Autre évolution importante : la propagation de l’école russe, mouvement amorcé avant même la fin de l’Union Soviétique mais qui s’est accéléré depuis, avec l’arrivée en Europe de l’Ouest d’un grand nombre de jeunes pianistes russes. Cette école se caractérise par son jeu dynamique et puissant, en contraste on ne peut plus marqué avec le « jeu perlé » de la tradition française, hérité des joueurs de luth et de clavecin de l’Ancien Régime.

Un nouveau piano à queue

Le nouveau piano à queue de concert C. Bechstein modèle D tient parfaitement compte de ces évolutions. Deux exemples à ce sujet : alors que durant des décennies, les agraffes des aiguës étaient une caractéristique des pianos Bechstein, elles ont été remplacées sur le nouveau modèle par des sillets, barres harmoniques coulées dans le cadre en bronze sur lesquelles les cordes reposent désormais ; d’autre part, le modèle D intègre une échelle duplex, structure particulière qui permet d’augmenter la richesse harmonique de l’instrument en laissant une plus grande partie des cordes vibrer.

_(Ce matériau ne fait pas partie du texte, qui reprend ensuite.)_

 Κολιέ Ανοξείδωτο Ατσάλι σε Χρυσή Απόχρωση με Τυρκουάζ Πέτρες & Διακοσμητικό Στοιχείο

Cela ne saurait toutefois suffire et comme du temps de Carl Bechstein, il reste nécessaire de s’engager personnellement. Avec la différence que le fondateur de l’entreprise n’avait que rarement besoin de se déplacer, tandis que l’actuel PDG doit prendre l’avion pour Moscou s’il entend vendre un piano à queue de concert à l’opéra de la ville. De même, lorsqu’il est nécessaire de dialoguer avec un grand pianiste, la meilleure solution est d’aller le rencontrer, par exemple au grand festival de la Roque d’Anthéron, organisé tous les ans en Provence. On comprend donc que le trajet Berlin-Séoul n’est pas le seul emprunté régulièrement par Karl Schulze ces dernières années.

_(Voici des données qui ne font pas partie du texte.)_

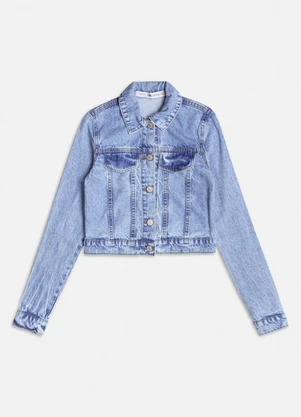 Authoria - Jaqueta Jeans Azul com Bolso Cargo Azul - AUTHORIA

À l’automne 2008, nul ne peut encore prédire la fin des turbulences qui agitent la sphère économique, mais au moins n’a-t-on pratiquement plus de barrières douanières en Europe. Quel chemin parcouru depuis 1853 et l’Union douanière allemande ! Avec l’effondrement de l’Union soviétique et la fin du Comecon, l’Union européenne peut s’étendre toujours plus vers l’est et le sud-est.

Diversification

Quant à l’entreprise Bechstein, elle ne se contente plus de produire deux ou trois modèles de pianos droits éventuellement complétés par un piano à queue, comme au milieu du XIXe siècle, mais propose désormais une gamme pour le moins diversifiée. Cet élargissement de l’offre n’est pas sans rapport avec le creusement des écarts de revenus à l’intérieur de ce qu’il est convenu d’appeler la bourgeoisie, groupe social auquel appartiennent traditionnellement les acheteurs de pianos. Il convient toutefois de ne pas oublier que même au XIXe siècle, lorsque Carl Bechstein travaillait chez Kriegelstein à Paris, on fabriquait déjà des « pianos populaires » en utilisant des procédures rationalisées.

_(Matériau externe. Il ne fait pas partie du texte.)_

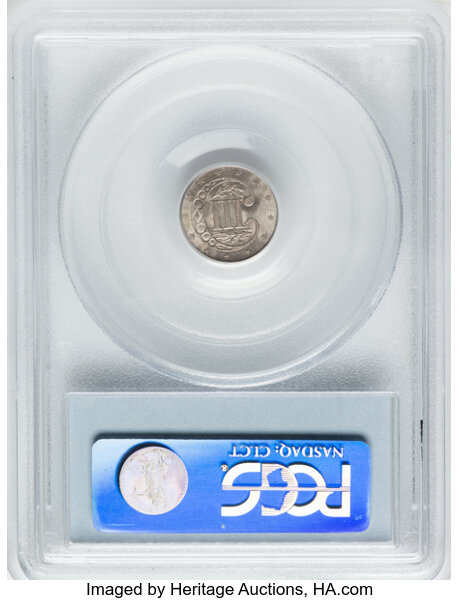 Obverse slab shot of PCGS 1856 Three cent silver, courtesy of Heritage Auctions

Les instruments Euterpe s’inscrivaient dans la lignée de ces « pianos populaires ». Produite par une entreprise fondée à Berlin et transférée à Langlau après la Seconde Guerre mondiale, la marque Euterpe avait été rachetée par Bechstein en 1990. Ces pianos ont été fabriqués en collaboration avec Petrof, marque tchèque traditionnelle, entre le milieu des années 1990 et 2003. Samick en a ensuite remanié le design et les a produits à Djakarta jusqu’en 2008, Bechstein interrompant toute participation avec Petrof dès 2005.